A sharp debate has ensued after Chris Craighead, an ex- British Special Air Service (SAS) soldier released a sneak preview of his book “One Man In” detailing the Dusit D2 attack.

The Dusit D2 Complex terror attack in 2019 catapulted Craighead to fame but his new book has sparked controversy among Kenyans.

In his snippet, he paints himself as a hero detailing that he acted fast when a British friend of him informed him of the attack.

In his book that is yet to be released, Craighead seemingly praises himself for “singlehandedly” pursing the terrorists who were in the complex.

The former SAS soldier said that he tried to contact the Kenyan authorities but none of his calls were unanswered.

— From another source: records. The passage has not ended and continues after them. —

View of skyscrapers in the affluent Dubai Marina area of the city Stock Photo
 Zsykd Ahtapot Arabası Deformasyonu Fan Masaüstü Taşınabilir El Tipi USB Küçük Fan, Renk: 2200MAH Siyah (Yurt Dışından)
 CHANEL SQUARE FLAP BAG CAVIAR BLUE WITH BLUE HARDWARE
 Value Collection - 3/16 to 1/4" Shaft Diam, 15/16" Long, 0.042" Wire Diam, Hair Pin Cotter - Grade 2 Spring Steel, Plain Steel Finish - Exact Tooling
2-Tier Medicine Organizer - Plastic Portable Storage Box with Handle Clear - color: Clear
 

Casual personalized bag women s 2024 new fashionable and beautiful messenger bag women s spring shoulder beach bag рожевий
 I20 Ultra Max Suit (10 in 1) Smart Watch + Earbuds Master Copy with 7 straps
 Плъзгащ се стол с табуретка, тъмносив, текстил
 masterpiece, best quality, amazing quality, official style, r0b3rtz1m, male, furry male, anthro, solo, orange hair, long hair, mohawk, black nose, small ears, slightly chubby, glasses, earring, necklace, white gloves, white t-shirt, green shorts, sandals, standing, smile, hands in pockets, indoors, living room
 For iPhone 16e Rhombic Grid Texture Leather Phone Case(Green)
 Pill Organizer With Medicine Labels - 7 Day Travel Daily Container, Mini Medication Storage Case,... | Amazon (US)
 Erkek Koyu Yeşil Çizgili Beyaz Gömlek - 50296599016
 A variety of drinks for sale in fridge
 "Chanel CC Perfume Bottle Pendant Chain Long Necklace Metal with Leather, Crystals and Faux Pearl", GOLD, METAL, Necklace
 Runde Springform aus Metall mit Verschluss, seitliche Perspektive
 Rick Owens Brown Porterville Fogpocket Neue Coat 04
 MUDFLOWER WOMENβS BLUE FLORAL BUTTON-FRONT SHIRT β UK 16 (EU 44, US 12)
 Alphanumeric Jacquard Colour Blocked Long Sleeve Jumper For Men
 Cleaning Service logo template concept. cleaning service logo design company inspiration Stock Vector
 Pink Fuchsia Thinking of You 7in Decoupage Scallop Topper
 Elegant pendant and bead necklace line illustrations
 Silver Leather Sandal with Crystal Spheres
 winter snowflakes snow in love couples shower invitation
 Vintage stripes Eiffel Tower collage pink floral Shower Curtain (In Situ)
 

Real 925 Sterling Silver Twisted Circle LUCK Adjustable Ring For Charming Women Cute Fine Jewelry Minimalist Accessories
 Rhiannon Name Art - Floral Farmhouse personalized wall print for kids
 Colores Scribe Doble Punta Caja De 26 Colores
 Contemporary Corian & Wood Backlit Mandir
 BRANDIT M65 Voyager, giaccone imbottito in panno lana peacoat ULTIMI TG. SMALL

He would then load his truck with weapons and drove to the scene where he pursued the terrorists bravely.

A snippet of the book states that Chris within minutes of receiving a call from a friend who was also a former British Soldier hoped on his truck with weapons to the scene. He adds that he attempted to reach the Kenyan government on the same but his calls went unanswered.

“Within minutes, Chris was in his pick up truck with his weapon case at the back of the seat, dodging vehicles and pedestrians as he raced to the scene. He attempted to reach anyone he could within the British and Kenyan governments to figure out what was going on. Nobody answered, He was on his own, and operating without orders” the snippet reads in part.

It goes on: “At first on his own, and later as the leader of a small, rag-tag group of soldiers and civilians, Chris moved through the complex where hundreds of innocent hotel staff, guests, and office workers were still trapped.

“After clearing buildings and shepherding people to safety, he located the terrorists. A battle of guns, grenades, and tactics ensued. Chris and his men made it out. The terrorists did not.”

His representation as the “only hero” angered a section of Kenyans who said that the terrorists were pursued successfully through joint effort by Kenyan forces.

“Today in caucasity from the mountain of caucus. Remember SAS soldier Chris Craighead from the Dusit attack? A book’s been published about him being the white hero we all needed who singlehandedly saved the day,” Mariga Thoithi said.

“Kenya lost soldiers in this but it was one man in that saved the day? Where was he during Westgate to equally help us? Maybe the author of this didn’t count on the book reaching Kenya but the government should demand a retraction, this is disrespectful,” Sgt. Hugo Stiglitz added.

Twenty-one people lost their lives as a result of the attack at the complex. Others were left with injuries which reminds them of the harrowing ordeal in the hands of armed terrorists and a suicide bomber.